O grupo quebra as regras do jogo do teatro de
bonecos clássicos, por isso a In Bust entra na categoria do Teatro
com Bonecos, reafirmando esse conceito Henrique Sitchin, coordenador de Centro
de Estudos e Práticas do Teatro de Animação de São Paulo, tecendo um comentário
em seu livro “As possibilidades do Novo Teatro de Animação”. Geralmente, os
grupos de teatro de bonecos clássicos utilizam os bonecos homogêneos em suas
poéticas, a In bust faz a construção poética heterogênea, mesclando vários
modelos, como o de vara, bonecos de miritis, fantoches e manés-côcos. E o modelo
que fez meus olhos brilharem, são os que representavam o casal ao darem um
salto no tempo e relatarem o momento que conheceram-se; os bonecos eram de vara,
com cintura de cuia, utensílio de grande expressão na culinária paraense.
Um fato muito importante a ressaltar é a didática do
ator Aníbal Pacha que atuara como Girino: ao apresentar as cobras, antes de dar
vida as mesmas, mostra para as crianças que as cobras não eram de verdade e sim
bonecos, quebrando o ilusionismo para retrair o medo que as mesmas poderiam ter
ao longo da apresentação.
Destaquei anteriormente a segunda categoria de
bonecos apresentada, por serem puxados por fios e conduzidos por um manipulador
– o qual domino de Governo. No espetáculo havia personagens cegos, mudos e
surdos, e como é desgastante tal encenação; pois sabemos que essa técnica de
manipulação é milenar.
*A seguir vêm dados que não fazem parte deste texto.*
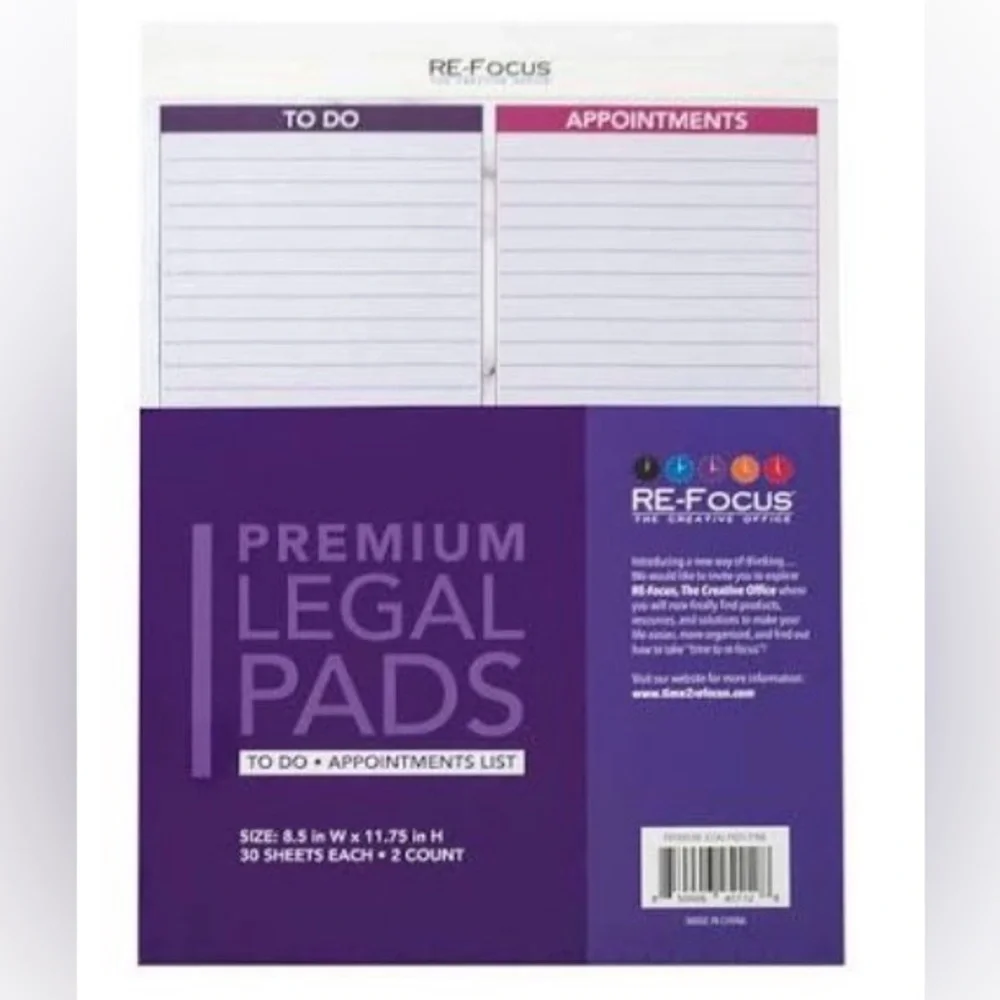 Premium set of 2 matching to-do list blue legal pads that match our Calendars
O espetáculo apresentado pela Cia do Governo foi a falta
de estrutura necessária para receber artistas e público. O grupo In
Bust apresentou-se em uma passarela de grande fluxo de pessoas, a
estrutura do som, não havia qualidade, aliás, não tinha um retorno para que o
público entendesse a letra cantada pela personagem Jurandir, a maioria das
pessoas assistiram em pé pela escassez de cadeiras, e como o espaço não é
apropriado, não havia uma iluminação que valorizasse a entrada dos bonecos em
cena.
É até louvável a agenda da Estação das Docas abrir
espaço para o compartilhamento do teatro com a população, porém é lamentável estabelecer
que somente migalha de pão é necessário. E lamentável ainda, em ter um lugar
que abriga diversos espaços para o alimento do corpo e não oferecer um espaço
mínimo e adequado para o alimento das artes.
Diante de todos esses fatos o espetáculo Fio de Pão - a Lenda da Cobra Norato o
qual já venho acompanhando há quinze anos, só não abateu-se pelo profissionalismo
e o compromisso que a In Bust tem de levar o teatro para o povo, e acreditar
que a arte é um direito de todo o ser humano.